Stored data entries:
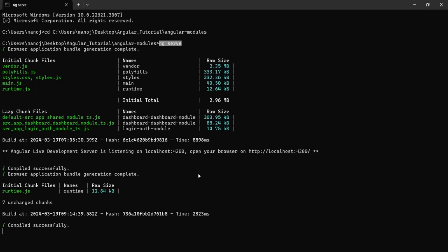As I mentioned, this ng serve command does not generate a real file. It does not write to the disk. It generates these bundles, but these bundles are available in the memory. It has not written it somewhere in the disk, which we can copy and deploy.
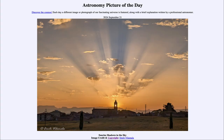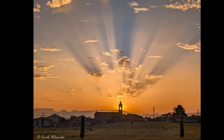Greetings and welcome to the Astronomy Picture of the Day podcast. Today's picture for September 21st of 2024 is titled Sunrise Shadows in the Sky. So what do we see here? Well, here we see the sun off in the distance — we're seeing the rising sun and we're coming very close to the equinox right now.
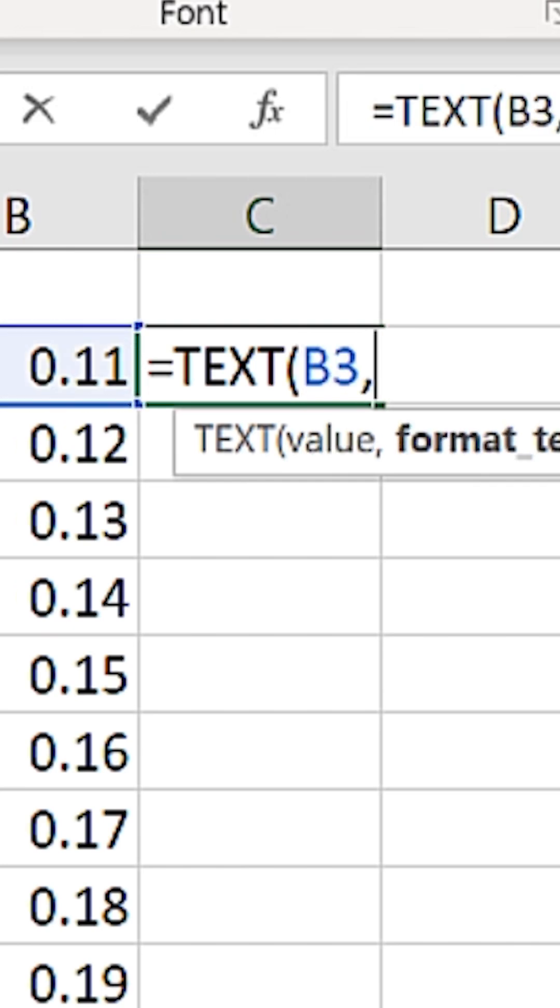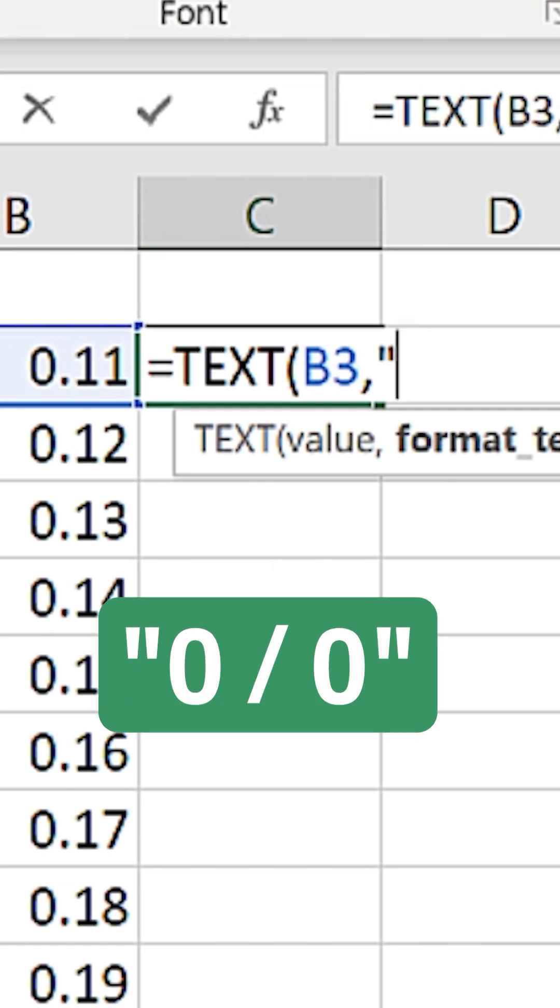And now the ScreenTip is asking for a format code, and we use the same exact code as before, 0 slash 0.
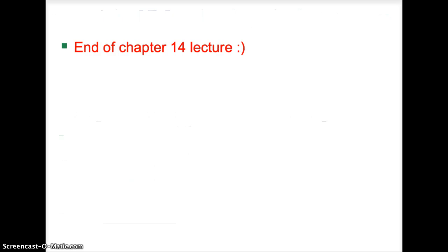This is the end of the Chapter 12 lecture on competitive markets. If you have any questions about the key concepts from this chapter, please post a question.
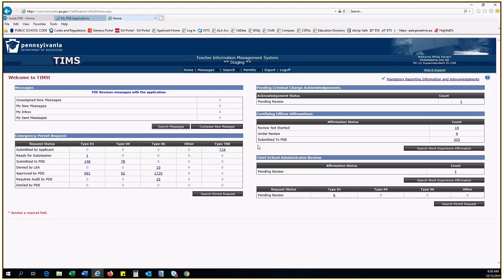Now let's look at Pending Criminal Charge Acknowledgements. On the right side of the dashboard, at the top, you will find the Pending Criminal Charge Acknowledgements Queue. In December of 2018, this new queue was added to the TIMSS dashboard in order to notify LEAs when their educators are the subject of pending criminal charges.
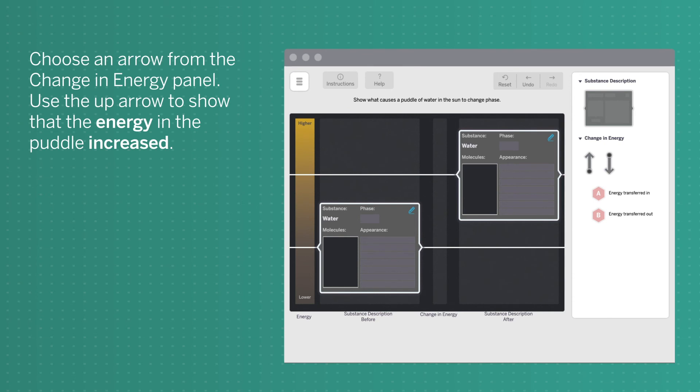Choose an arrow from the change in energy panel. Use the up arrow to show that the energy in the puddle increased.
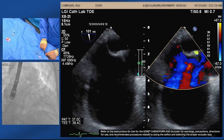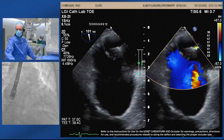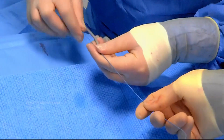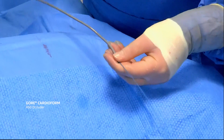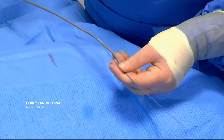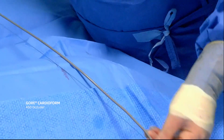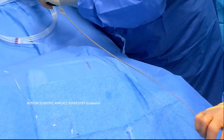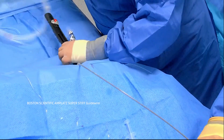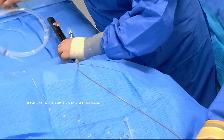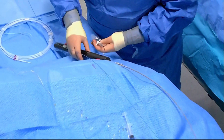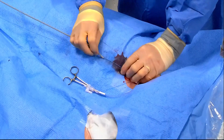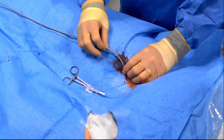We'll take a 37-millimeter device. We have a 37-millimeter Gore Cardiform ASD occluder loaded monorail onto a 35 Amplatz super stiff wire positioned in the left upper pulmonary vein. We'll flush as we go through. I've placed a 14-French sheath, so there's plenty of room.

_Work required_
What you set down should be exactly the lines from the line containing "This is the" to the last line of the entries above, both included, with no pictures.

_Exercise solution_
This is the end of the Chapter 12 lecture on competitive markets. If you have any questions about the key concepts from this chapter, please post a question.
Now let's look at Pending Criminal Charge Acknowledgements. On the right side of the dashboard, at the top, you will find the Pending Criminal Charge Acknowledgements Queue. In December of 2018, this new queue was added to the TIMSS dashboard in order to notify LEAs when their educators are the subject of pending criminal charges.
Choose an arrow from the change in energy panel. Use the up arrow to show that the energy in the puddle increased.
We'll take a 37-millimeter device. We have a 37-millimeter Gore Cardiform ASD occluder loaded monorail onto a 35 Amplatz super stiff wire positioned in the left upper pulmonary vein. We'll flush as we go through. I've placed a 14-French sheath, so there's plenty of room.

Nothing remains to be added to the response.